Uma mulher de 58 anos levou, em 2020, seu companheiro, um idoso de 92 anos, a uma agência bancária de Campinas, no interior de São Paulo. O objetivo era fazer a prova de vida para resgatar o benefício da aposentadoria. O problema: a rigidez cadavérica denunciava que o homem tinha morrido ao menos dez horas antes. O enredo, que lembra o caso da semana passada no Rio, acabou com absolvição da Justiça, mas por quê?
Na terça-feira, 16, Érika de Souza Vieira Nunes entrou numa agência bancária em Bangu, na zona oeste do Rio, na expectativa de finalizar um empréstimo de R$ 17 mil em nome do tio, Paulo Roberto Braga, de 68 anos. Imóvel, ele era conduzido por Érika em uma cadeira de rodas até que funcionários acionaram o Samu e a constatação da morte foi feita. A mulher foi presa e está sob investigação.

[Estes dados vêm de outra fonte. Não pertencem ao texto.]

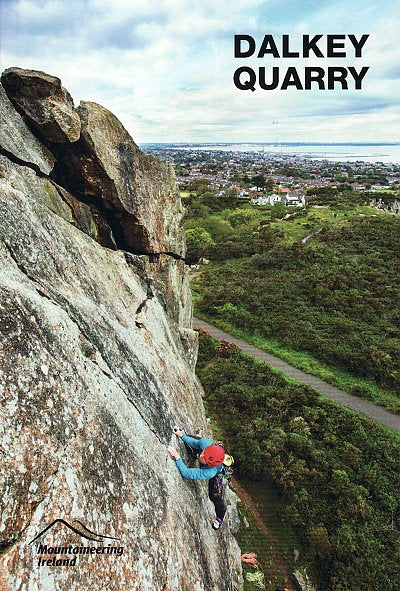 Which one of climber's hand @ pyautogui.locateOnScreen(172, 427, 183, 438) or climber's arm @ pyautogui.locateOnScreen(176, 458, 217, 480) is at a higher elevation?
climber's hand @ pyautogui.locateOnScreen(172, 427, 183, 438)

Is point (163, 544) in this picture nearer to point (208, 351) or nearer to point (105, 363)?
point (105, 363)

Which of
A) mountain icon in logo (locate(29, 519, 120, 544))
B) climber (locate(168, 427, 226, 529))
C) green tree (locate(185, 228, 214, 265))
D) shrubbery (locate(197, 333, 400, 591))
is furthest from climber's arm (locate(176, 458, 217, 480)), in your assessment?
green tree (locate(185, 228, 214, 265))

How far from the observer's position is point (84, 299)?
10422 mm

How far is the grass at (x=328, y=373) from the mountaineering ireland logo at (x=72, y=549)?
26939 millimetres

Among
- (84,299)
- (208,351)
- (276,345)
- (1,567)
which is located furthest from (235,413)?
(1,567)

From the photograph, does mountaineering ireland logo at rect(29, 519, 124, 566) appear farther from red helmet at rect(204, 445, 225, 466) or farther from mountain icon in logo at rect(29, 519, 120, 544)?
red helmet at rect(204, 445, 225, 466)

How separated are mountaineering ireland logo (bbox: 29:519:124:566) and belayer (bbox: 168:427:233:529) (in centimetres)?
310

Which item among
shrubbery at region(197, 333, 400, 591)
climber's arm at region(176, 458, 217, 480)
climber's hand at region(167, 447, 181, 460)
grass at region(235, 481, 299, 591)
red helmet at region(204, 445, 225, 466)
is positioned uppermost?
A: climber's hand at region(167, 447, 181, 460)

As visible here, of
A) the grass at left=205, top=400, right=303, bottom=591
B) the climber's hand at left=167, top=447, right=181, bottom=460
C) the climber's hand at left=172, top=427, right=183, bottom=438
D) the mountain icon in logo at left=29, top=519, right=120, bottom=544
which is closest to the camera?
the mountain icon in logo at left=29, top=519, right=120, bottom=544

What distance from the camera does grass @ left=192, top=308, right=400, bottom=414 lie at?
30141mm

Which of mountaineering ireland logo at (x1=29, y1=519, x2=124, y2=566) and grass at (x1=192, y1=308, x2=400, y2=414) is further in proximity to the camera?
grass at (x1=192, y1=308, x2=400, y2=414)

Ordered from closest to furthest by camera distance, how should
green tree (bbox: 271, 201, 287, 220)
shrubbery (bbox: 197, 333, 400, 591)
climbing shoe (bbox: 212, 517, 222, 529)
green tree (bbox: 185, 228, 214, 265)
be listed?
climbing shoe (bbox: 212, 517, 222, 529) → shrubbery (bbox: 197, 333, 400, 591) → green tree (bbox: 185, 228, 214, 265) → green tree (bbox: 271, 201, 287, 220)

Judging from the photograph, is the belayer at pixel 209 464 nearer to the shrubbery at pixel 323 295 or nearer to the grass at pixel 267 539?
the grass at pixel 267 539

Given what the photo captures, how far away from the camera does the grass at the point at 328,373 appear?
30141 millimetres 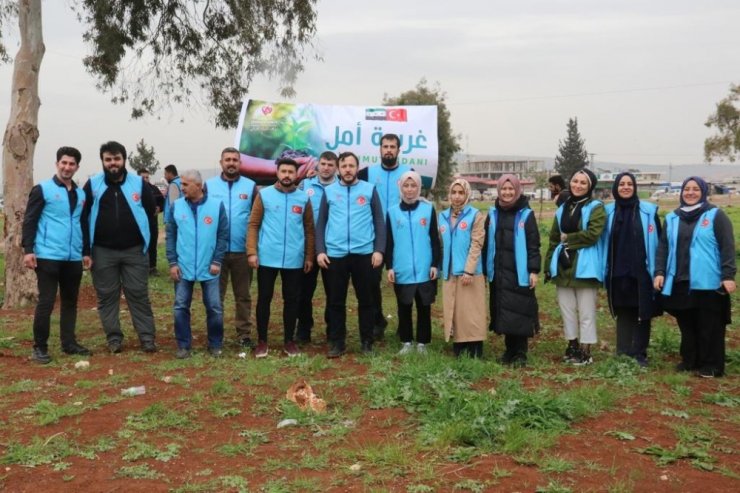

No caso de Campinas, segundo o registro policial, a mulher foi ao banco alegando que tinha perdido a senha para sacar a aposentadoria do companheiro, um escrivão de polícia viúvo e aposentado. Como não tinha procuração para movimentar a conta, ela foi orientada a fazer a prova de que ele estava vivo, por razões de segurança.
Quando retornou à agência com o companheiro na cadeira de rodas, na tentativa de apressar o atendimento, a mulher disse que o idoso estava passando mal e o serviço de resgate dos bombeiros foi acionado. A equipe do Serviço de Atendimento Médico de Urgência (Samu) constatou que o homem estava morto e em rigidez cadavérica, ou seja, a morte não tinha sido recente.
A mulher não chegou a ser presa, mas o caso passou a ser investigado pelo 1º Distrito Policial de Campinas. Em novembro de 2022, a Delegacia de Homicídios e Proteção à Pessoa de Campinas relatou o inquérito pedindo o indiciamento da mulher por tentativa de furto mediante fraude e vilipêndio de cadáver, mesmos crimes agora imputados no caso do Rio de Janeiro.
O Ministério Público estadual não concordou com o pedido da ocorrência de Campinas por considerar que se tratava de “crime impossível”.
- Conforme o MP, a consumação do furto mediante fraude dependeria da prova de vida de uma pessoa que já se apresentava morta.
- A promotoria também entendeu que não houve vilipêndio, pois o objetivo da mulher era apenas sacar valores, supostamente usando o cadáver.
- A Justiça acolheu os argumentos do MP e da defesa da mulher, arquivando o caso em janeiro de 2021.
Ato contínuo, a mulher recorreu à Justiça para receber a aposentadoria do ex-companheiro e obteve decisão favorável.
Em sentença dada em agosto de 2023, após analisar provas e depoimentos de testemunhas, a Justiça entendeu que a companheira do idoso mantinha união estável com ele, tendo direito ao benefício. A decisão, da 2ª Vara da Fazenda Pública de Campinas, determinou o pagamento retroativo, a partir da data do óbito.
Procurada pelo Estadão, a advogada que defendeu a mulher informou que o processo teve julgamento definitivo, sendo afastada qualquer suspeita em relação à alegada fraude.
Segundo ela, os próprios parentes do falecido confirmaram em depoimentos à Justiça a união estável entre eles, o que levou à decisão favorável também quanto ao direito à aposentadoria do ex-companheiro. Conforme a advogada, atualmente a mulher só deseja seguir sua vida.
No caso do Rio de Janeiro, a defesa de Érika tentou obter a soltura dela na Justiça, mas teve o pedido negado. O argumento é que ela possui um filho que necessita de acompanhamento, e por isso a soltura ou prisão domiciliar seriam necessárias.
A juíza que analisou o caso decidiu manter a prisão sustentando que a ação da mulher pode ser considerada “repugnante e macabra” caso seja confirmado que ela sabia que o tio estava morto ao levá-lo para o banco.